About ten years ago, while still in graduate school, Homstvedt started experimented with the re-purposing of materials left over from a days work in the studio. He thought it was a shame not to use the colors left on my palette for something. The result was often loosely sketched ideas painted in thick strokes. He would, in turn, paint over these regularly, canceling out whatever was on the canvas previously.
Homstvedt been doing these 'Remnant Paintings" parallel to his other work in a daily studio practice for years now. Depositing paint onto (usually) small canvas panels, these start with thick painterly smears. Layer upon layer, the oils used here are taken from other paintings. In this way the "Remnant Paintings" contain a history of his painterly efforts.
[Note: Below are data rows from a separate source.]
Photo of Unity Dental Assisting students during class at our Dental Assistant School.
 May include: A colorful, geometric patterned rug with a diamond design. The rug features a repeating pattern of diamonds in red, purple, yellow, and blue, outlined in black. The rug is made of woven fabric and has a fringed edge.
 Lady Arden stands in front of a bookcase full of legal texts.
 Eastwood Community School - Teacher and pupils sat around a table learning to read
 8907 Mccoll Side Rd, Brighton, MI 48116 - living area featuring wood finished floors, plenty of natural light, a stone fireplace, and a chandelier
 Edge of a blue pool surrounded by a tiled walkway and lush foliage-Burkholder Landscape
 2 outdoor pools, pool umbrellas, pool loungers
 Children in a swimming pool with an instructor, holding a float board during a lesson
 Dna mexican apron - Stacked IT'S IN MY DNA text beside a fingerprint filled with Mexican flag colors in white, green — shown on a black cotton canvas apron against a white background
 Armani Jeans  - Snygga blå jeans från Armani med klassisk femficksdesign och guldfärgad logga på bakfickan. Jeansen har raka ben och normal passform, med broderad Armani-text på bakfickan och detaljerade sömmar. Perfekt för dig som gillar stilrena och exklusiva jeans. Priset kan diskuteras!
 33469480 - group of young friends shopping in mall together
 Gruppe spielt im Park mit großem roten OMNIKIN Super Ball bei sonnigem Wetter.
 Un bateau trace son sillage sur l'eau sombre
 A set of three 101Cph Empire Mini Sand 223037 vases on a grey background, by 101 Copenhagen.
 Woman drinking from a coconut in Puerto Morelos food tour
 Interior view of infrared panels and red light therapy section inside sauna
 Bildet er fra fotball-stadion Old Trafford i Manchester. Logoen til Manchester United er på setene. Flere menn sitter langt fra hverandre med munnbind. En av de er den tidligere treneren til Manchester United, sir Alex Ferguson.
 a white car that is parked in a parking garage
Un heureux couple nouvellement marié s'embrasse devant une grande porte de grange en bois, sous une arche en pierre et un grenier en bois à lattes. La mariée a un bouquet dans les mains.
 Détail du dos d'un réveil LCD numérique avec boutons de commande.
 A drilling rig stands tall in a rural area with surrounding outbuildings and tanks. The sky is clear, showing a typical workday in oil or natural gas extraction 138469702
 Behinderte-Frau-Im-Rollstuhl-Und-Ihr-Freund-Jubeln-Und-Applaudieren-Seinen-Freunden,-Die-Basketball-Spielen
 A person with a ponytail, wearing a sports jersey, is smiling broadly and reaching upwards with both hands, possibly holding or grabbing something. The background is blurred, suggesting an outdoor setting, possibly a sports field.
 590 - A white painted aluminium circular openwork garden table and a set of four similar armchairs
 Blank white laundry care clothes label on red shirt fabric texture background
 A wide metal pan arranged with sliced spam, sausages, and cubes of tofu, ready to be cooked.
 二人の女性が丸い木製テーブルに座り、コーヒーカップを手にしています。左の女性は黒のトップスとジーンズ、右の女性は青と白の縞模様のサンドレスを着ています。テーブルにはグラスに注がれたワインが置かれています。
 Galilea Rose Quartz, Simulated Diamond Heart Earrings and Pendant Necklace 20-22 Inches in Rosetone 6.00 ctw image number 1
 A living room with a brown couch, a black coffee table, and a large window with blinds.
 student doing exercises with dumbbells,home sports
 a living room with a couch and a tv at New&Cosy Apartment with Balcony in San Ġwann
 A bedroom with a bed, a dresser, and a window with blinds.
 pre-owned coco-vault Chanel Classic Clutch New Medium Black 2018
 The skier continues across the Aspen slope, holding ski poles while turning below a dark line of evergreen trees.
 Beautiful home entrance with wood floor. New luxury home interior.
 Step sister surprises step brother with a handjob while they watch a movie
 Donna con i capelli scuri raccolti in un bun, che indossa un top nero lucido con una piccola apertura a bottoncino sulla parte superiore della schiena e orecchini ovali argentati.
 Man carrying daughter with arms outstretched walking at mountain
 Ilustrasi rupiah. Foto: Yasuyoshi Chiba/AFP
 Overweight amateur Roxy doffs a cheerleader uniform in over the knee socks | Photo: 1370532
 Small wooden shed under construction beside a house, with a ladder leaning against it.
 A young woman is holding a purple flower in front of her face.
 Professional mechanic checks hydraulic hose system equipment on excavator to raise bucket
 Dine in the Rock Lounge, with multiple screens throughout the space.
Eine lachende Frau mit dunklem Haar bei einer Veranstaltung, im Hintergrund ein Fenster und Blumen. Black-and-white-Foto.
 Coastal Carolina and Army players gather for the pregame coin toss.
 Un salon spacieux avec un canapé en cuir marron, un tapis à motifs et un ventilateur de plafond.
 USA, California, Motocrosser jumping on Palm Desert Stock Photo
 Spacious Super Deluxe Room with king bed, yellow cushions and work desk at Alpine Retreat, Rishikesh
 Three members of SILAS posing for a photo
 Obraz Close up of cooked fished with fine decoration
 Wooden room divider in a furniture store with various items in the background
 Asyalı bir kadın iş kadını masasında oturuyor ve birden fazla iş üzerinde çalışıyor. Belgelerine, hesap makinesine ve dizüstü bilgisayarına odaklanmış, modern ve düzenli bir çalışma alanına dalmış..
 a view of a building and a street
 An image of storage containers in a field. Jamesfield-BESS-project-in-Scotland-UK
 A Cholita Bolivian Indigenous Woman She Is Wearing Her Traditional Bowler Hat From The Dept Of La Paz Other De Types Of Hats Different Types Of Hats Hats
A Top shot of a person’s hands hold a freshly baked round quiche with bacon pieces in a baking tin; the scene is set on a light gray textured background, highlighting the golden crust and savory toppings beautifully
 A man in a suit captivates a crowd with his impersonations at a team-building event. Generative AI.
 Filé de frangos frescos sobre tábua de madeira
Gradually, these panels take shape as each layer is allowed to dry for months and years. Erasing and adding. Layer upon layer, the left-over material are shaped, organically, into new paintings. In the final form exhibited, these panels reveal a stratified palimpsest hinting at its memory of production as well as edited imagery. Painting upon paintings.
About Håvard Homstvedt
Though representational, Håvard Homstvedt’s paintings and sculptures draw particular attention to texture and surface through the use of textile-inspired patterns. “I like textures and the feel of handicrafts—the imprint, or weave, if you can put it this way,” he has said. “Often a kind of textile texture is present.” From Homstvedt’s patterns, illusionistic yet ambiguous spaces and scenes emerge. In Wall (2006), a strange creature moves through a universe of stripes; in Tarp (2005), figures composed from various patterns—lace, crinkly gold, muted stripes—struggle under the weight of a coffin.